What I seek to do is to avoid the creation/destruction per-iteration, and make it once at the start/end of the program. I tried many variations to the displacement of the "parallel" clause. What I basically has the same essence is the below: (ONLY ONE thread creation/destruction per-program run) --What I tried, but failed "illegal access" in the initializing functions.

void funcPiece0()
{
    // many lines and branches of code
}


void funcPiece1()
{
    // also many lines and branches of code
}

void funcCore()
{
    funcInitThis();
    funcInitThat();

//#pragma omp parallel
//  {
#pragma omp sections
        {
#pragma omp section
            {
                funcPiece0();
            }//omp section
#pragma omp section
            {
                funcPiece1();
            }//omp section
        }//omp sections
//  }//omp parallel

}

int main()
{

    funcInitThis();
    funcInitThat();

    while(1)
    {
        funcCore();
    }

}

--

Any help would be highly appreciated! Thanks!

user598208
  • 217
  • 3
  • 6
  • 15
  • Note that the OpenMP website has a forum where you can post questions about OpenMP -- check it out at http://openmp.org/forum/ –  Nov 21 '11 at 04:26

2 Answers2

3

OpenMP only creates worker thread at start. parallel pragma does not spawn thread. How do you determine the thread are spawned?

crazyjul
  • 2,519
  • 19
  • 26
  • Thank you for answering. My program hanged, and when I paused it with the debugger, using my compiler, I saw many worker threads executing the function where the "pragma omp parallel" was. Where are the threads "supposed" to be spawned? – user598208 Nov 16 '11 at 01:00
  • 1
    The thread are started when your program starts ( or the first time are needed, depending on the implementation ). Pause your program anywhere else, and you'll notice the threads are still there – crazyjul Nov 16 '11 at 08:25
  • While it seems this is true where I tested (both `std::this_thread::get_id()` and `omp_get_thread_num()` show repeating values for repeated execution of the parallel region), this contradicts the official documentation, wherein it says that the `parallel` construct "creates threads". https://www.openmp.org/spec-html/5.0/openmpse14.html – oarfish Oct 14 '20 at 16:03
0

This can be done! The key here is to move the loop inside one single parallel section and make sure that whatever is used to determine whether to repeat or not, all threads will make exactly the same decision. I've used shared variables and do a synchronization just before the loop condition is checked.

So this code:

initialize();
while (some_condition) {
  #pragma omp parallel
  {
     some_parallel_work();
  }
}

can be transformed into something like this:

#pragma omp parallel
{
  #pragma omp single
  {
    initialize();  //if initialization cannot be parallelized
  }
  while (some_condition_using_shared_variable) {
    some_parallel_work();
    update_some_condition_using_shared_variable();
    #pragma omp flush
  }
}

The most important thing is to be sure that every thread makes the same decision at the same points in your code.

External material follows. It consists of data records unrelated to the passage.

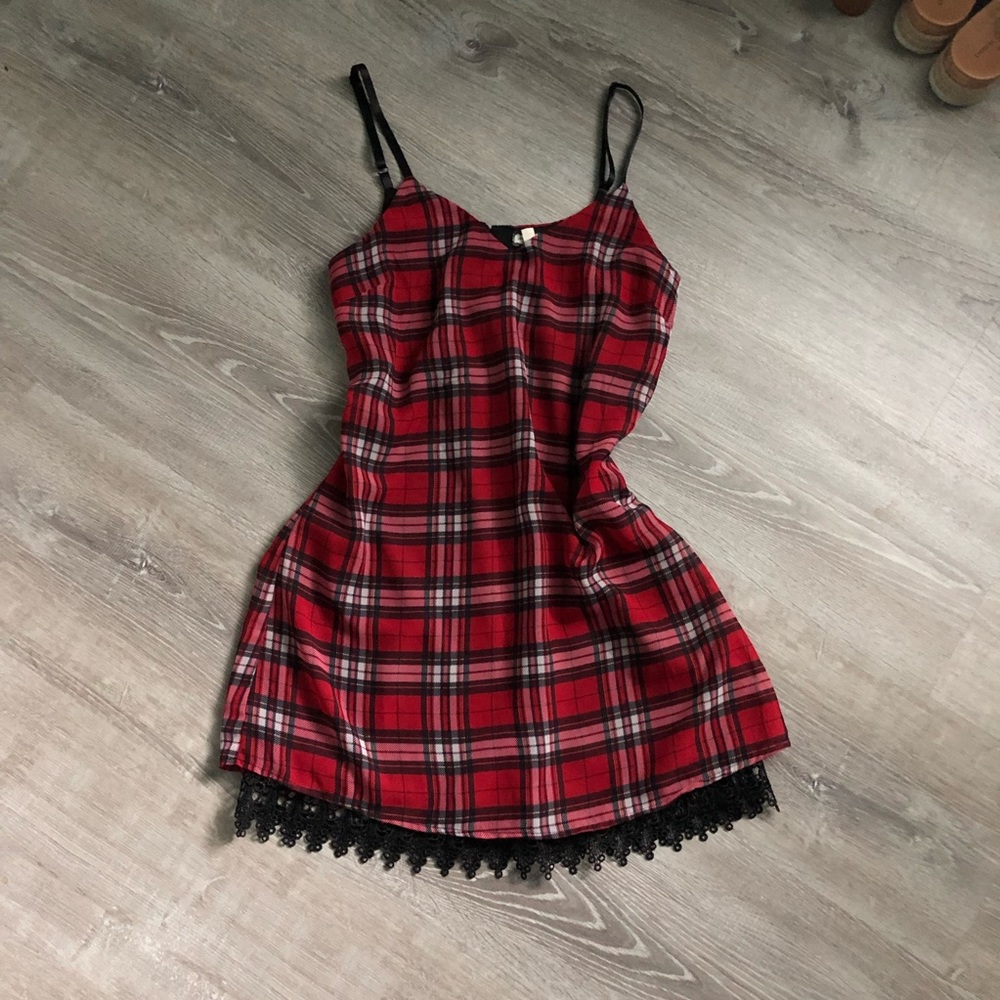 Red plaid minidress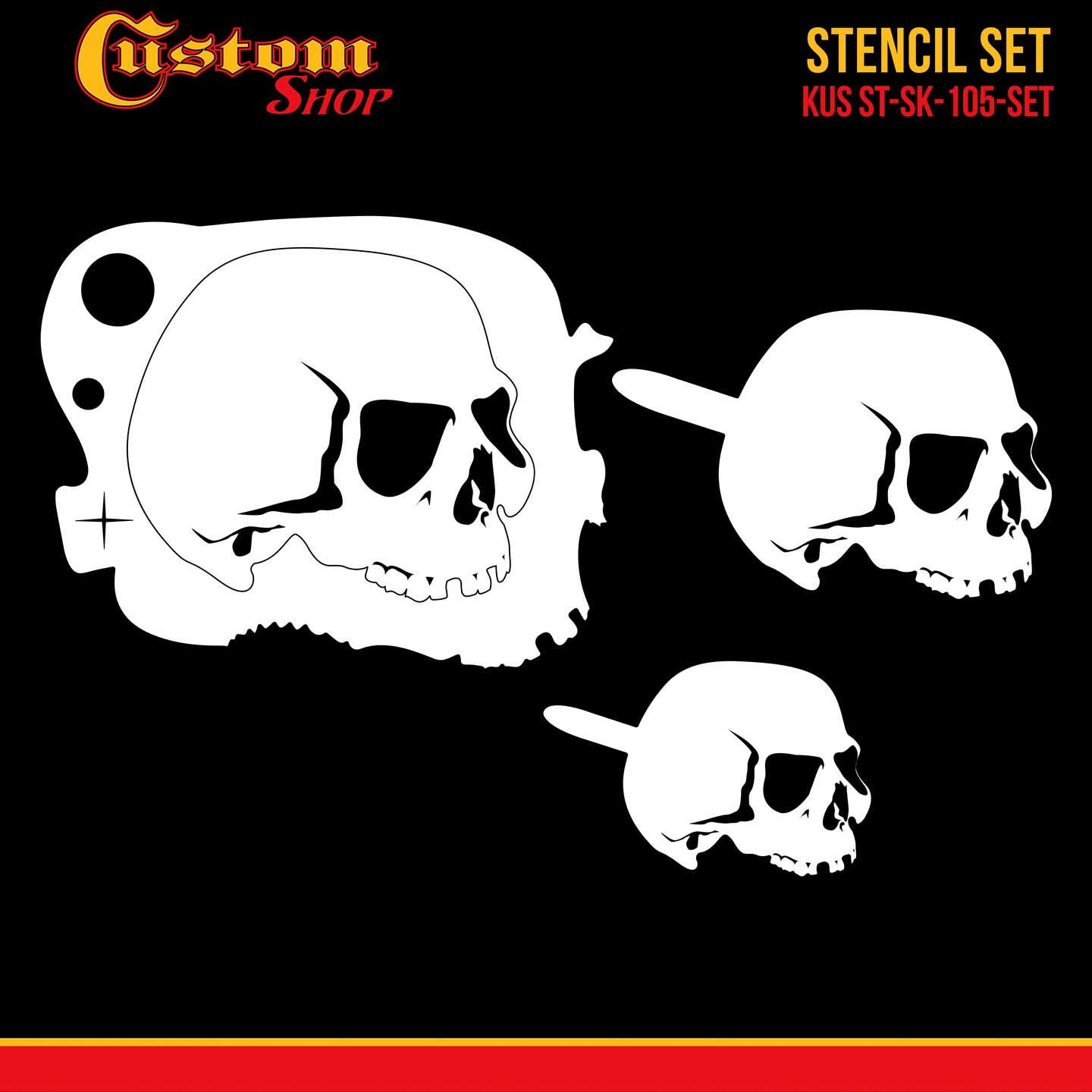 Custom Shop Airbrush Stencil Skull Design Set #3 (3 Different Scale Sizes)  - 3 Laser Cut Reusable Templates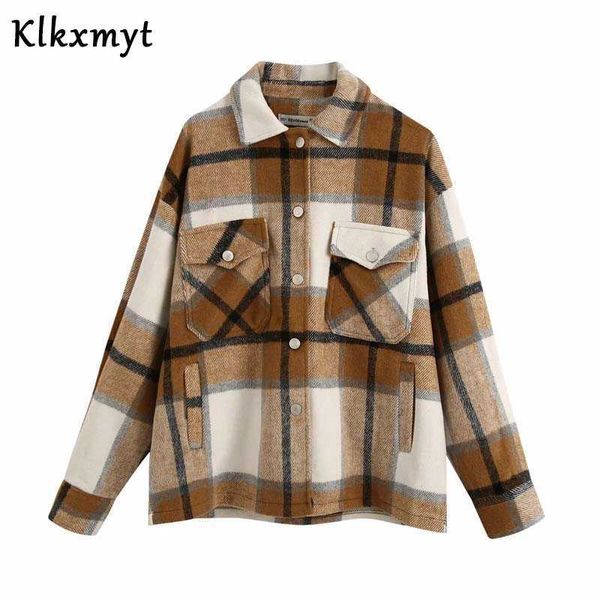 women jackrt coat vintage stylish pockets long sleeve plaid autumn winter jacket female oversized loose outerwear 210527, Black;brown
women jackrt coat vintage stylish pockets long sleeve plaid autumn winter jacket female oversized loose outerwear 210527, Black;brown
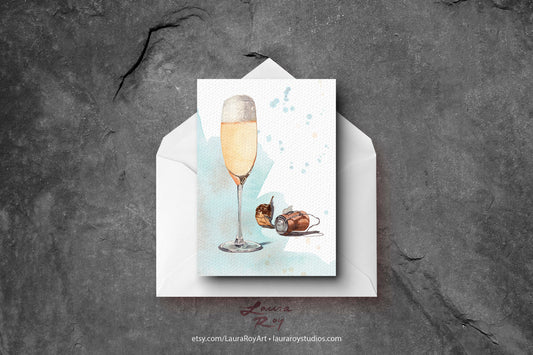 Watercolor Champagne Card/Set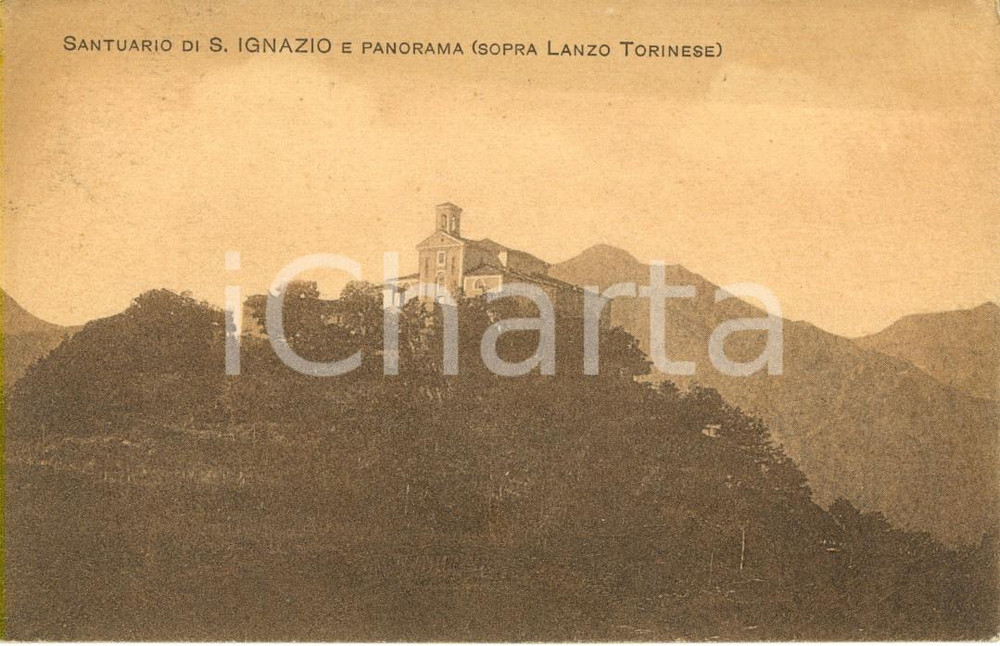 Cartolina originale da collezione 1938 LANZO TORINESE TO Veduta del Santuario di SANT IGNAZIO Cartolina FP VG 1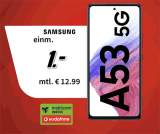 Samsung Galaxy A53 5G für 1€ mit 5 GB Vodafone Allnet Flat für 12,99€ | effektiv 1€ für den Vertrag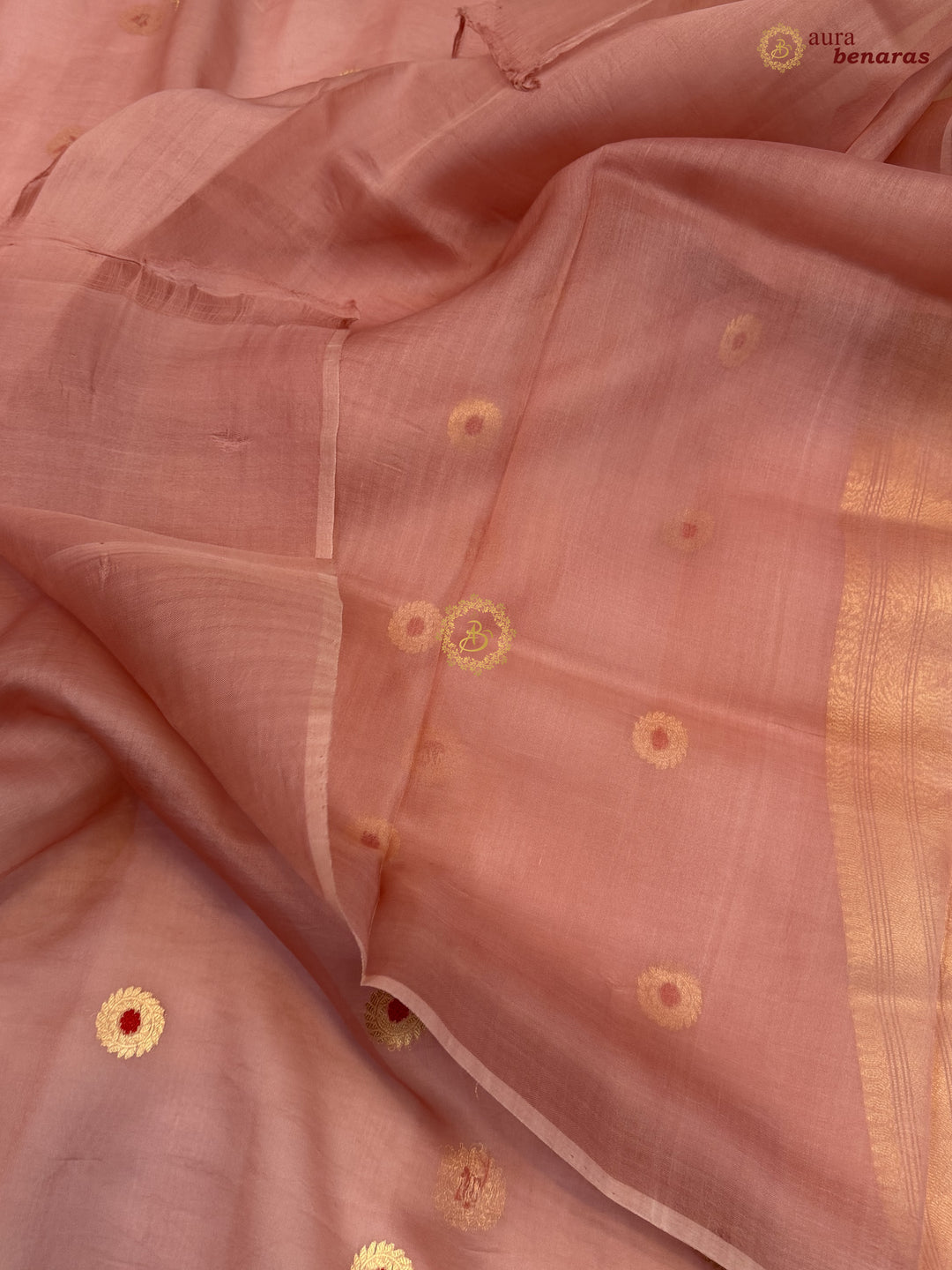 Old Rose Kora Silk Banarasi Saree with Sona Rupa Butis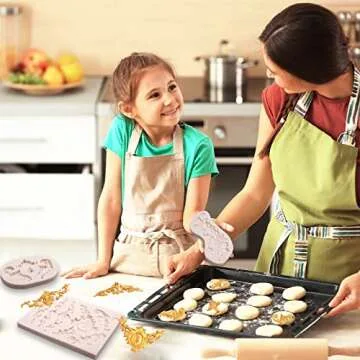 Baroque Feather Chocolate Molds Silicone, Scroll Relief Border Fondant Molds, for Wedding Party Cake Decoration, Cupcake Toppers, Sugar Craft Gum Paste Polymer Clay Pie Candy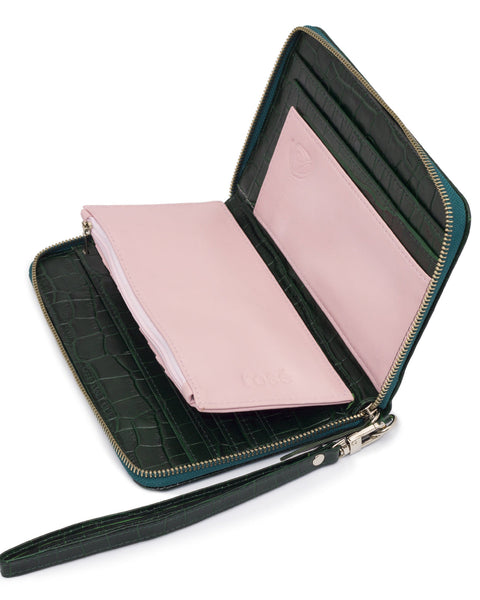 GINEVRA GREEN LEATHER DOCUMENT HOLDER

As a final thought, essentially what one is doing is trading the overhead for creating/destroying threads (every time a section of #pragma omp parallel begins/ends) into synchronization overhead for the decision making of the threads. I think synchronizing should be faster however there are some many parameters at play here that this may not always be.

Jason
  • 304
  • 3
  • 6